History has failed to record the special benefits of the Emperor through which the city had derived its magnificence and deserved this malediction. But surely if ever an old man’s curse was destined to be literally fulfilled, it seemed to be this solemn imprecation of Rudolph. Meantime the coronation of Matthias had gone on with pomp and popular gratulations, while Rudolph had withdrawn into his apartments to pass the little that was left to him of life in solitude and in a state of hopeless pique with Matthias, with the rest of his brethren, with all the world.
And now that five years had passed since his death, Matthias, who had usurped so much power prematurely, found himself almost in the same condition as that to which he had reduced Rudolph.
Ferdinand of Styria, his cousin, trod closely upon his heels. He was the presumptive successor to all his crowns, had not approved of the movements of Matthias in the lifetime of his brother, and hated the Vienna Protestant baker’s son, Cardinal Clesel, by whom all those movements had been directed. Professor Taubmann, of Wittenberg, ponderously quibbling on the name of that prelate, had said that he was of “one hundred and fifty ass power.” Whether that was a fair measure of his capacity may be doubted, but it certainly was not destined to be sufficient to elude the vengeance of Ferdinand, and Ferdinand would soon have him in his power.

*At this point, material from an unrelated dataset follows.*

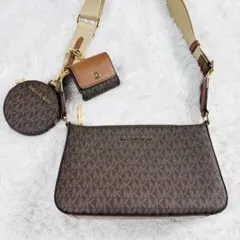 500 極美品✨MICHAEL KORS クロスボディ ショルダーバッグ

Matthias, weary of ambitious intrigue, infirm of purpose, and shattered in health, had withdrawn from affairs to devote himself to his gout and to his fair young wife, Archduchess Anna of Tyrol, whom at the age of fifty-four he had espoused.
On the 29th June 1617, Ferdinand of Gratz was crowned King of Bohemia. The event was a shock and a menace to the Protestant cause all over the world. The sombre figure of the Archduke had for years appeared in the background, foreshadowing as it were the wrath to come, while throughout Bohemia and the neighbouring countries of Moravia, Silesia, and the Austrias, the cause of Protestantism had been making such rapid progress. The Emperor Maximilian ii. had left five stalwart sons, so that there had seemed little probability that the younger line, the sons of his brother, would succeed. But all the five were childless, and now the son of Archduke Charles, who had died in 1590, had become the natural heir after the death of Matthias to the immense family honours—his cousins Maximilian and Albert having resigned their claims in his favour.
Ferdinand, twelve years old at his father’s death, had been placed under the care of his maternal uncle, Duke William of Bavaria. By him the boy was placed at the high school of Ingolstadt, to be brought up by the Jesuits, in company with Duke William’s own son Maximilian, five years his senior. Between these youths, besides the tie of cousinship, there grew up the most intimate union founded on perfect sympathy in religion and politics.